With pictures left out, copy exactly every line from the one containing "Santro car Blue color home use" through the end of the material.

►

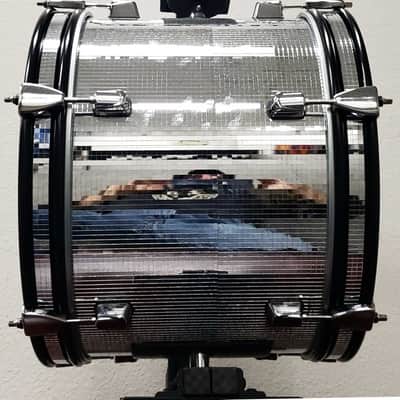 KISS Mirrorball Double Sided Rotating Bass Drum w/ Multi-Color Internal Lighting + Remote Control image 14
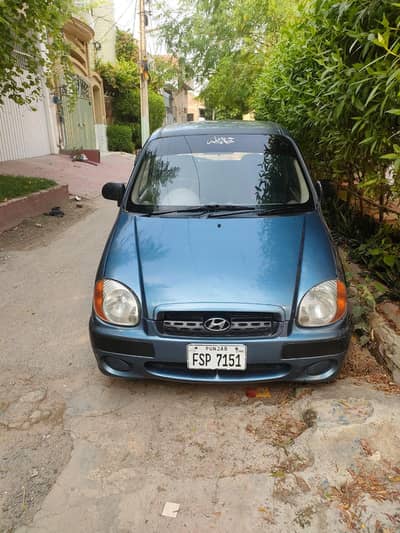 Santro car Blue color home use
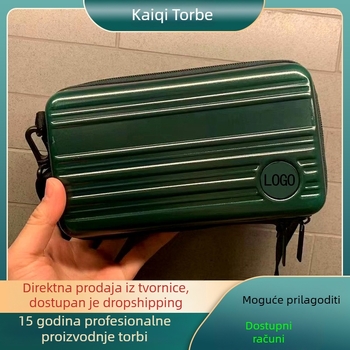 7-inčni kozmetička torbica s tvrdom kućištem, prijenosna i višefunkcionalna, pretinac za novčiće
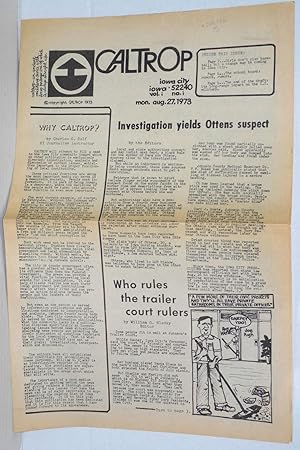 Caltrop, vol. i no. i, Mon. Aug. 27, 1973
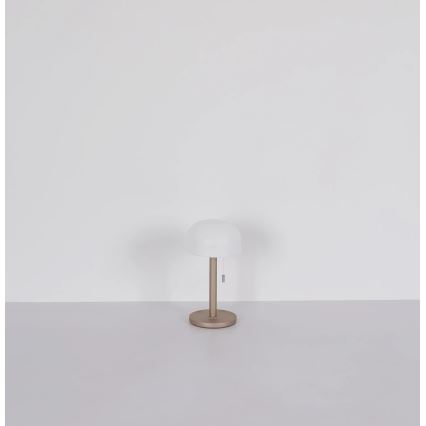 Globo - LED Uppladdningsbar bordslampa LED/1,5W/3,7V 3000/4200/6000K 1800mAh brun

◄

| Answer space |
 Santro car Blue color home use
 7-inčni kozmetička torbica s tvrdom kućištem, prijenosna i višefunkcionalna, pretinac za novčiće
 Caltrop, vol. i no. i, Mon. Aug. 27, 1973
 Globo - LED Uppladdningsbar bordslampa LED/1,5W/3,7V 3000/4200/6000K 1800mAh brun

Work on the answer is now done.